The Eagles had not been on the Vick reinstatement radar, for good reason: Donovan McNabb was their established quarterback, the organization frequently trumpeted the importance of character, and team officials, including Banner and Reid, repeatedly indicated they weren't interested.
Banner said yesterday he had two different reactions that afternoon of Aug. 6, when he got in touch with Reid and heard directly what his coach had in mind - bringing into his locker room the most vilified figure in sports in 2009, the man who served 18 months in federal prison for hanging and drowning dogs and running a dogfighting ring. Also the man who was picked for three Pro Bowls before all that happened.

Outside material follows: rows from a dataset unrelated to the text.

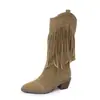 2026 Novo Estilo Bico Fino Rebite Salto Médio Corte em V Botas de Cavaleiro, Outono Vintage Transfronteiriça Salto Bloco Tamanho Grande Cano Alto Botas Longas para Mulheres
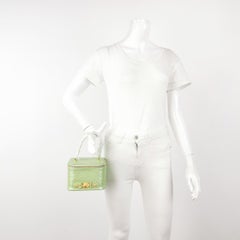 Versace Vintage Logo Sun Vanity Bag Green Calfskin Leather Gold Hardware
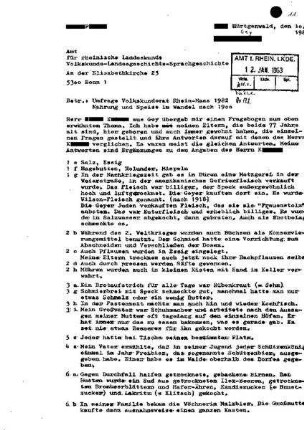 Fragebogenantworten zu Ernährungsgewohnheiten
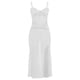 thumbnail image 1 of VISgogo Vestido largo ahuecado para mujer, sin mangas, de color sólido, de corte bajo, fruncido, de una pieza, vestido ajustado sin espalda con abertura alta VISgogo moda, 1 of 9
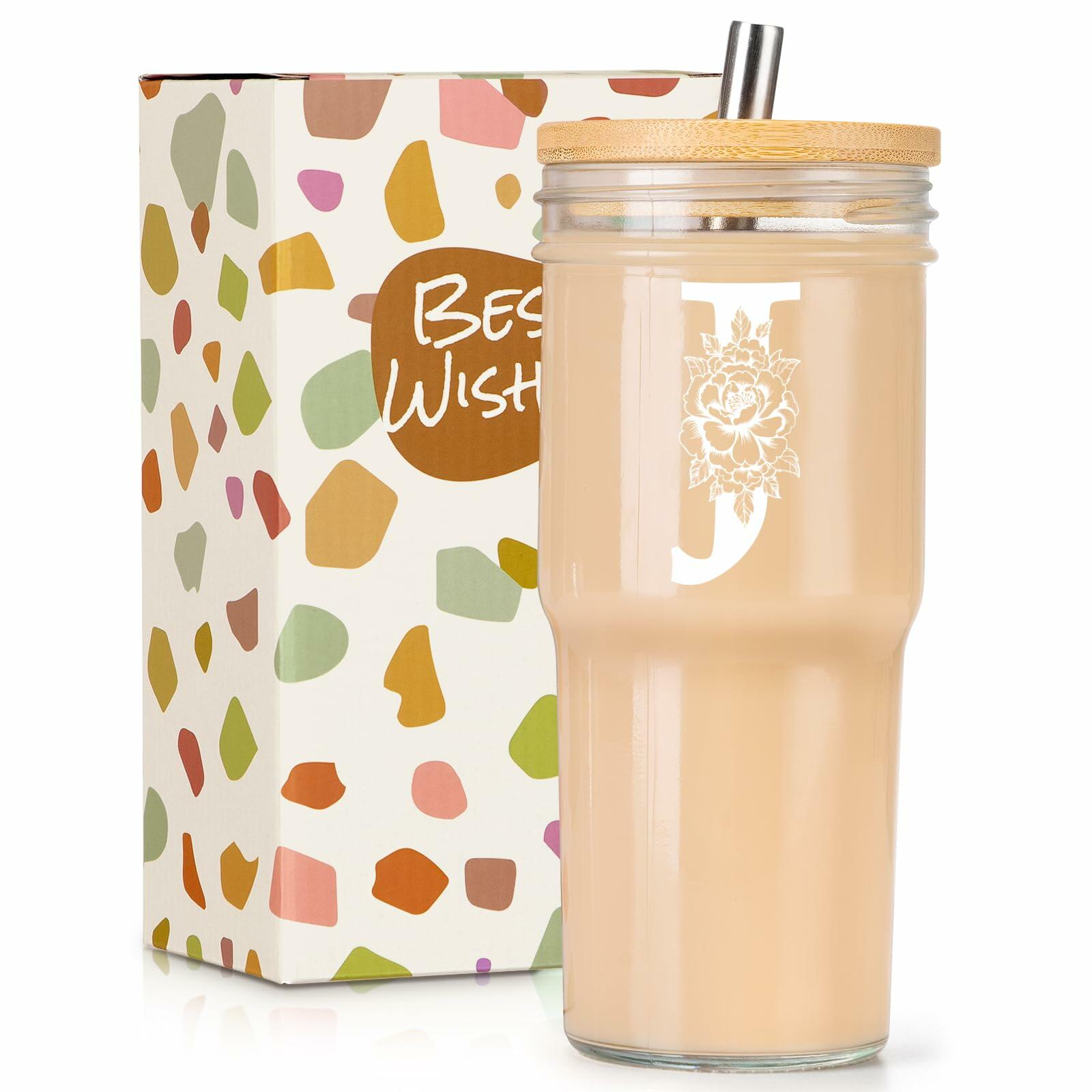 [Like New] Personalized Initial Glass Cup 24oz Tumbler w/Lid Straw Monogram Gift for Women
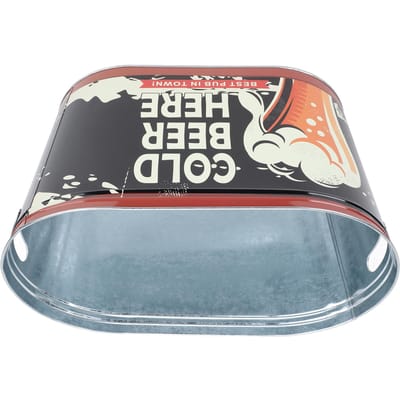 Seau à glace ovale en fer blanc grand pour refroidir les boissons, baignoire à boissons, récipient à glace pour fête, bière, champagne, cocktails gray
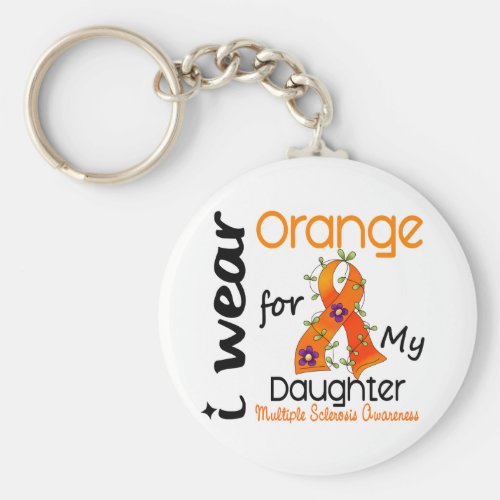 I Wear Orange 43 Daughter MS Multiple Sclerosis Keychain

"From a football perspective, I was immediately, 'Wow that would be unbelievable.' From a nonfootball perspective, 'Holy cow. We've got to really research this; we've got to think it through; we've got to understand all the possible pluses and minuses and ramifications of this; we've got to move slowly to make sure there aren't things we don't think of, things we should be looking into that we don't,' " Banner, the Eagles' president, said yesterday, leaning against a wall of the NovaCare auditorium after the news conference that introduced Vick to Philadelphia. "Then I was very methodical about creating a process to make sure that if we decided to do this, it was a very informed decision, and therefore, the risk was relatively small."
From the outside, it sure seems the risk of a giant distraction derailing the season is huge, the reward hard to quantify. From Reid, Vick, NFL-appointed adviser Tony Dungy, and an anguished, eloquent team chairman Jeffrey Lurie, we heard a lot yesterday about second chances, not so much about X's and O's.